When Nadine Sykora headed to India this past month as part of Contiki’s “Travel Project,” she was on a mission to spotlight the individuals who are working hard to change the lives of women in India.
“I went in wanting to learn and be open to these ladies and the struggles they face,” she says. “And then to share their stories and to make their voices heard. To support their causes and struggles and to support them.” Sykora was transformed by the experience. “It’s one thing to read about the struggles others face on social media,” she says, “but it’s a whole other level to travel and see it for your own eyes.”
Sykora met with a group of powerful women who have all collectively furthered women’s rights in India, including Mrs. Divya Khandal who offers alternative employment to women who were involved in illegal woodcutting, grazing and hunting; Mrs. Divya Kalwara a professional chef in India (where the profession, even here in liberal Canada, is dominated by men); and Ms. Saloua Sahl who owns a famous bakery in southern India that employs vulnerable Indian women and provides vocational training and support for marginalized women.
We chatted with her last week to find out who she met, what she learned, and how we can help.
SDTC: Of all the women you met on your trip, who made the biggest impression on you, and why?
NS: The one who stood out the most was Ms. Vijayalaxmi Rodrigues, a local guide from Mumbai that Contiki employs on their Eternal India adventure. She’s an expert in Mumbai’s history, geography, culture, customs and traditions, and she guided me around this metropolis, sharing all that it had to offer.
I learned that she completed a master’s in Applied Linguistics from SNDT, a university based in Mumbai, and her guiding is intended to give visitors a glimpse into real Mumbai life. We quickly became friends and when we were talking about life plans, she mentioned how she was “out of the system,” the system being marriage in India. Her parents had given up on her, and many potential men wouldn’t even bother with her because she was thirty-one and unmarried.
She is such a strong woman who loves her job and to have to make such a tough choice and be labelled like something was wrong with her–it just touched me, as I could relate. I’m almost thirty-one myself, a career woman, and am currently not married, but I’ve never been subjected to that amount of pressure.
What did you learn on your trip that surprised you?
How different village life is from urban life, and how educated women are now being valued in the family and marriage a lot more. In arranged marriages, men are looking for women with an education to be their future wives. The silver lining is that more families are seeing the value of sending their daughters to school, which is a win and a step in the right direction.

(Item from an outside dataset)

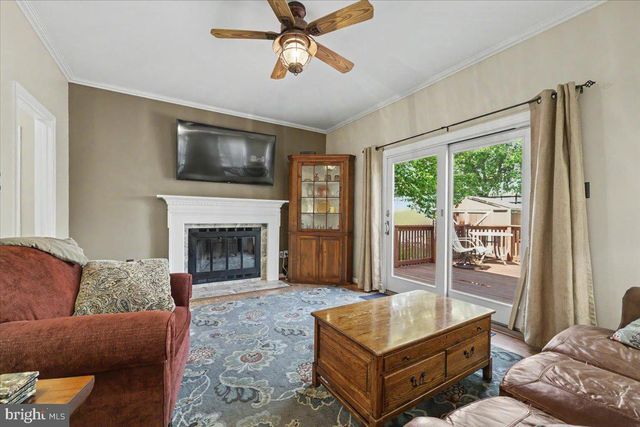 2245 DONNA LN, Pottstown, PA 19464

What did you uncover that disturbed you?
The quote that “boys are seen as an asset and girls a liability.” And from that quote these are the reasons money and time aren’t spent on daughters–because they will eventually leave the family when they get married to live with the husband’s family, so why bother with an education?
It also surprise me how common arranged marriages are. The whole system was quite shocking to me.

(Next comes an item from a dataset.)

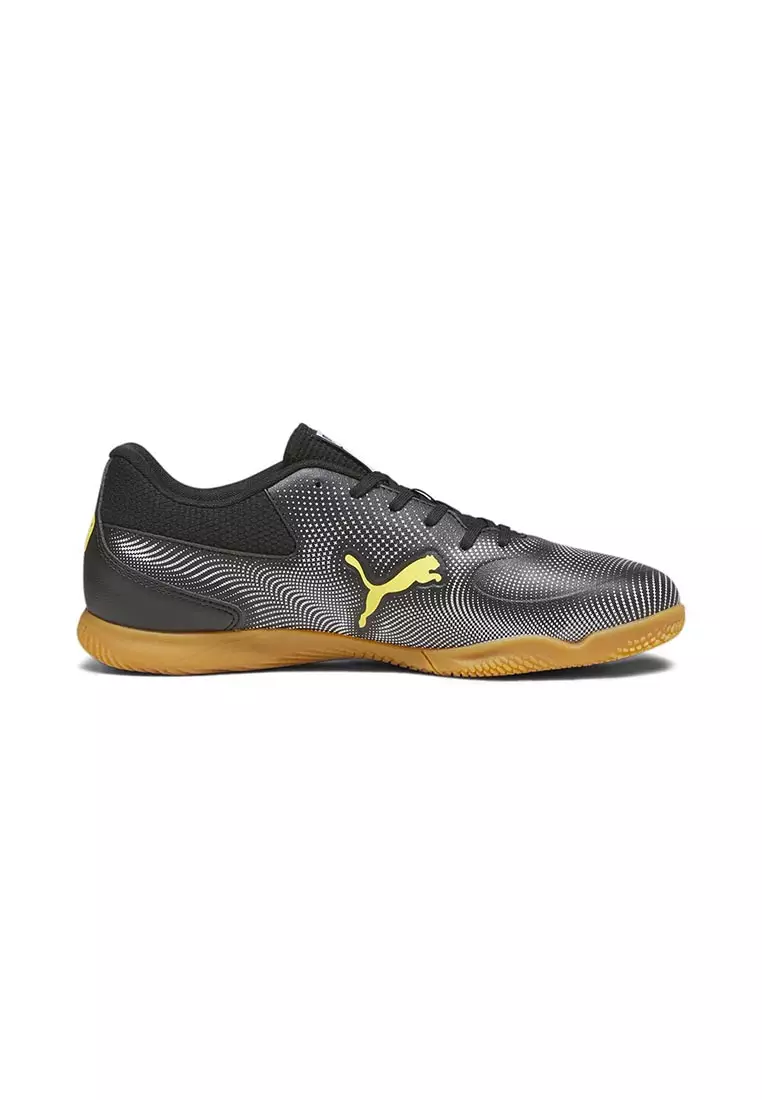 Puma street hot sale soccer shoes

What did you learn that brought you hope?
The strength of these women. They are constantly fighting opposition from everyone and everywhere. Questioning them, their ideas and their businesses. Just the sheer strength they have to fight it, to bring about change. It’s much easier to accept what is than to change a system that’s been cemented in history and tradition.
What should we be paying more attention to?
Education! It’s the number one thing all the females I spoke to promoted. Education helps women earn their own income. It helps them create equality in the home and in the public perception that women can work and they are worth investing in. And with more educated females, this will become the norm. If women continue helping other women, that’s a recipe for success.
India’s women are facing their own challenges. How can we better support them from over here in Canada?
Support companies that employ women. It’s as simple as that. Your dollar goes a long way towards supporting those women and allowing them to hire and inspire more women to do the same. If you aren’t travelling, write about these companies in India–give them promotion! The only way India will change is if the new generation of kids growing up learn there are other ways, and they learn to be more tolerant and more accepting of change. If they can learn from us in Canada, if we can teach them that there are indeed options, that will inspire them to implement these changes themselves.